### Problem statement
A verbatim copy of all the data is required; the pictures should not appear in it.

Start of Provided material

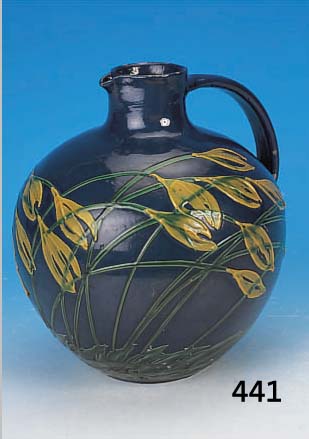 Henkelkrug, Tonwerke Kandern, 1921-25, Entwurf Prof. Laeuger, Majolika, blau glasiertmit bunter Gießbüchsenmalerei von Blumen, mit leichten ...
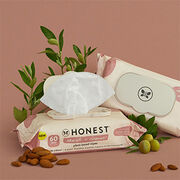 Hydrating and Nourishing Wipes Image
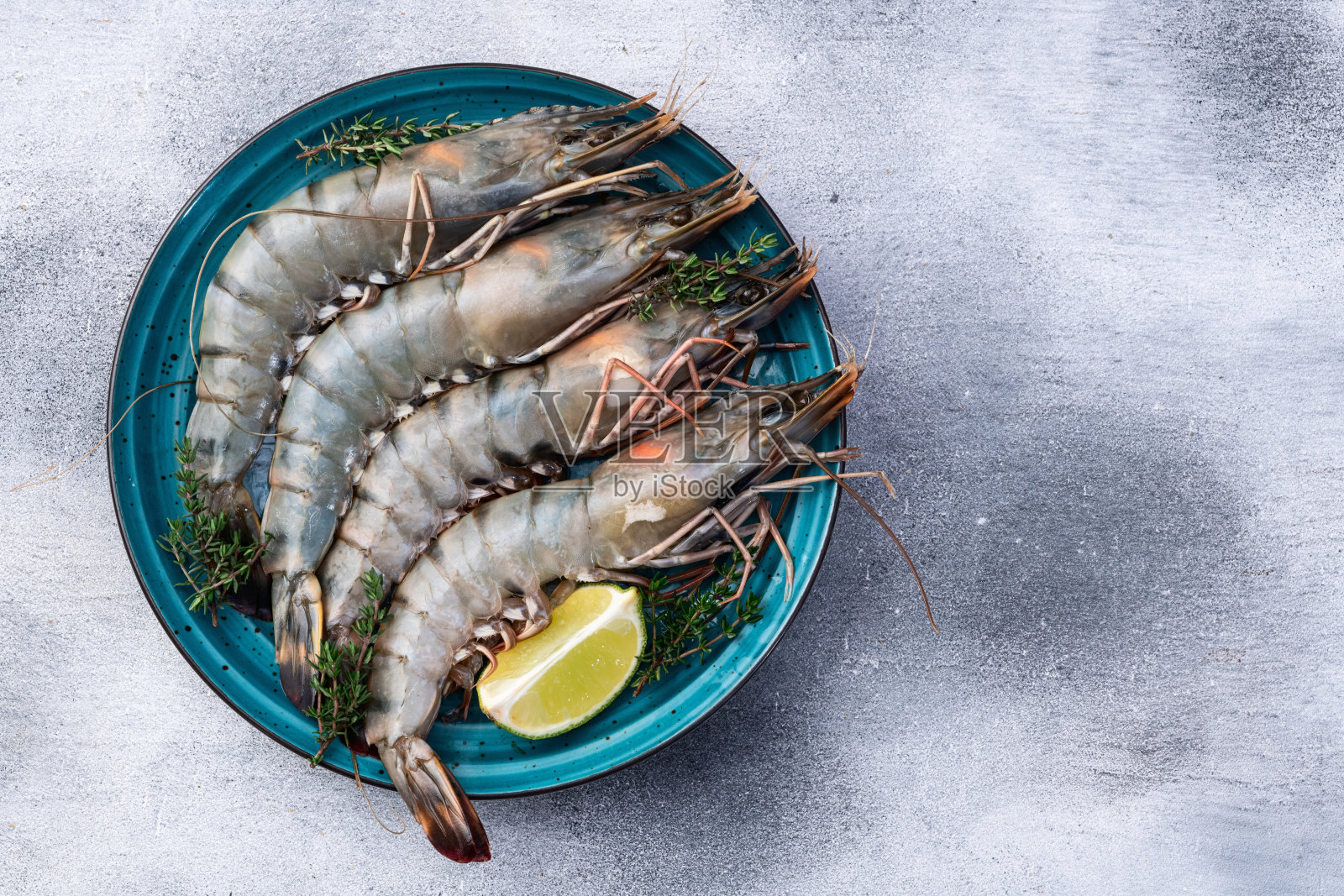 生猛的大虎虾(国王虾)摄影。俯视图照片摄影图片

End of Provided material

### Output for this exercise
 Henkelkrug, Tonwerke Kandern, 1921-25, Entwurf Prof. Laeuger, Majolika, blau glasiertmit bunter Gießbüchsenmalerei von Blumen, mit leichten ...
 Hydrating and Nourishing Wipes Image
 生猛的大虎虾(国王虾)摄影。俯视图照片摄影图片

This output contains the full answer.